Another paper (http://econtent.hogrefe.com/doi/10.1027/1614-2241/a000110) showed that t-tests on the raw variables performs well even for lognormally distributed variables. A 3rd paper (http://link.springer.com/article/10.1023%2FB%3AEEST.0000011364.71236.f8) showed that the performance of t-test on the ratios and t-test on the log-transformed ratios are similar.
Thus, the question becomes which is the outcome of interest. Because log($Z$) has to be back-transformed to the original units to be meaningful and because of the retransformation bias, I think that the tests of E($Z$) are more meaningful.
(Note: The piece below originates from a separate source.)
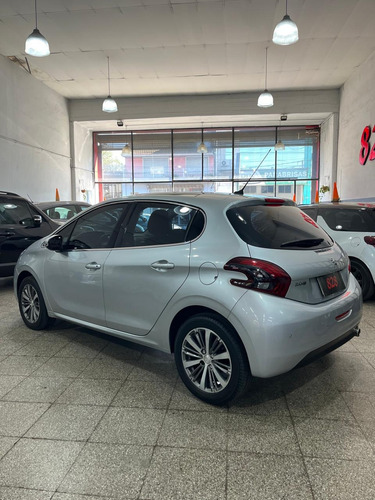 Peugeot 208 1.6 Feline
Fortunately, parametric tests (e.g. t-tests) are robust to the violation of normality assumption once heteroscedasticity is accounted for (e.g. Welch's t-test). For example, this paper (http://www.ncbi.nlm.nih.gov/pubmed/24738055) advises to use ANOVA to test the differences among raw fold-changes in immunoblotting.
So my question is: If my goal is to test the absolute change of the ratios, can I compare the ratios directly without log transformation?
can I compare the ratios directly without log transformation?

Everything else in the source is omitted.